Azeem Rafiq believes Yorkshire’s international cricket ban should be overturned after claiming the county club is moving in the “right direction” under chair Lord Kamlesh Patel.
Yorkshire were suspended in November from hosting international or major matches by the England and Wales Cricket Board (ECB) for their “wholly unacceptable” handling of Rafiq’s racism claims.
Rafiq also gave evidence in an emotional DCMS hearing two months ago, and in a column for Wednesday’s Daily Mail, the former Yorkshire player said the county have shown positive progress since Lord Patel replaced Roger Hutton – enough, in Rafiq’s view, for Headingley to host international cricket once more.
“It has been a whirlwind since I appeared in front of MPs almost two months ago, and what Yorkshire and Lord Patel have done to bring change is definitely a step in the right direction,” Rafiq said.
“That is why I believe the time is right to say they should be given back the international cricket so vital to their very survival. The people of Yorkshire should be able to watch England in Test and white-ball games at Headingley this summer.
“The county had been very reluctant to implement any sort of change during my time at the club, and since then when I highlighted everything that had happened to me there. And that is why we were here in the first place.
“But if we are asking an institution to look at itself then we should recognise when it begins to show it is genuinely sorry and attempts to start putting things right. Yorkshire need to be supported and helped to move in that right direction. They do seem willing to do the right thing now. Hopefully their actions under new chair Lord Patel have shown that.”
Lord Patel also expressed his desire to see Yorkshire’s suspension lifted, suggesting the ECB could make a decision by the end of January.
The Yorkshire chair said in an op-ed on Tuesday: “It is my hope that Yorkshire can set a clear template for other clubs to use so that we as a sport can raise the standard of how we treat others, and how we measure our success.
“It is also my hope that the people of Yorkshire and our supporters across the UK can now start to feel a glimmer of pride – and, of course, that the ECB’s decision at the end of this month sees our beloved stadium again able to be a global stage for cricketing excellence.
“While we still have a long road and a lot of hard work ahead, the potential prize is great: a once in a generation opportunity not only to transform the game in Yorkshire, but also provide a model for learning and change – both in cricket and across the world of sport.”

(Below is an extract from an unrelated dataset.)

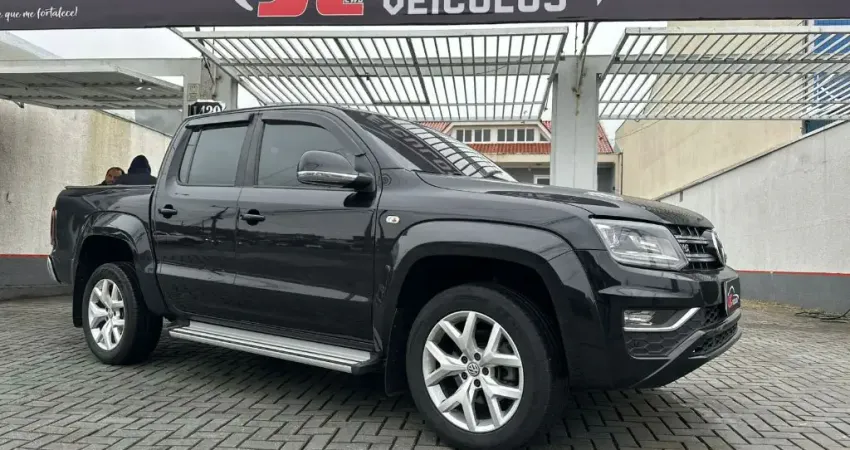 AMAROK 3.0 V6 4X4 2019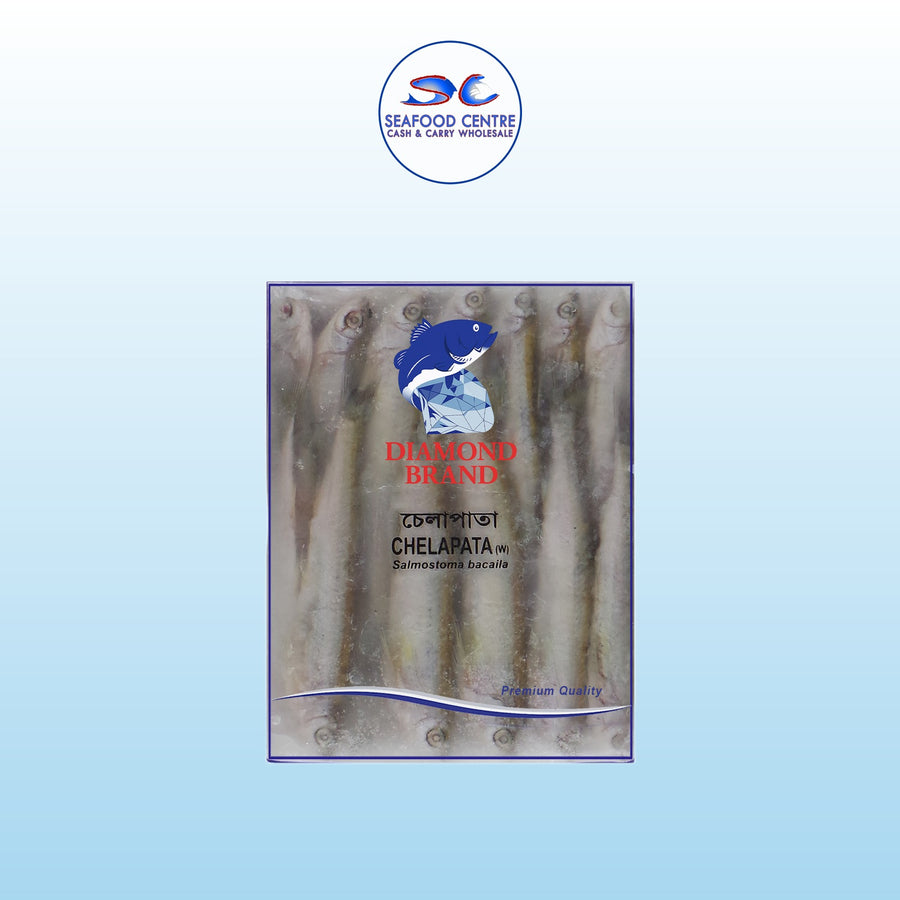 CHELAPATA (whole clean)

Meanwhile, Rafiq also praised the appointment of Darren Gough as director of cricket, adding: “I’m encouraged by his involvement, not least because the game needs people like him back directly involved. Goughie will get things done.”
Report on cricket’s racism crisis to be published Friday
A parliamentary committee report on cricket’s racism crisis is due to be published on Friday.
The cross-party DCMS committee said it will set out its findings later this week following Rafiq’s hearing in November.
Yorkshire accepted in September last year there was “no question” Rafiq had faced racial harassment and bullying during his time at the club, as they published a summary of the findings and recommendations of an independent report which got under way almost a year earlier.
However, the county faced significant backlash for their decision not to publish the full report, or to take disciplinary action against any individuals based on the report.
On the same day the committee heard from Rafiq, it also heard from the current and former chairs of Yorkshire – Lord Patel and Roger Hutton – and from England and Wales Cricket Board chief executive Tom Harrison.
Rafiq said attempts to raise complaints about the discriminatory treatment he faced at Yorkshire fell on deaf ears, before an investigation was finally launched in October 2020.
Chief executive Mark Arthur resigned four days before Rafiq’s appearance before the committee, while Yorkshire announced on December 3 that director of cricket Martyn Moxon and head coach Andrew Gale were among 16 members of staff who had been dismissed.
Lord Patel said on November 8 that the county had settled a separate employment tribunal claim from Rafiq.
The Independent Commission for Equity in Cricket (ICEC), which is looking at racism and discrimination within the game, said it was “inundated” with more than 2,000 responses in the fortnight after it opened a call for evidence on November 9.
On November 29, the ECB published a game-wide 12-point plan to tackle discrimination, with Harrison admitting the sport had been hit by an “earthquake” following the allegations of racism at county level from Rafiq and other players.
The plan includes a governance review of the ECB, which will consider whether the sport needs an independent regulator. The effectiveness of its oversight of Yorkshire’s handling of the Rafiq investigation was questioned by the DCMS committee.
The game-wide plan will also tackle dressing-room culture, attempt to remove any barriers that exist in the talent pathway and endeavour to make cricket a more inclusive environment for players and spectators.
Organisations have also been set targets for board diversity to include 30 per cent female or locally representative ethnicity by April. Compliance will be subject to a “comply or explain” provision.
ECB central funding could be withheld where equality, diversity and inclusion (EDI) minimum standards are not met.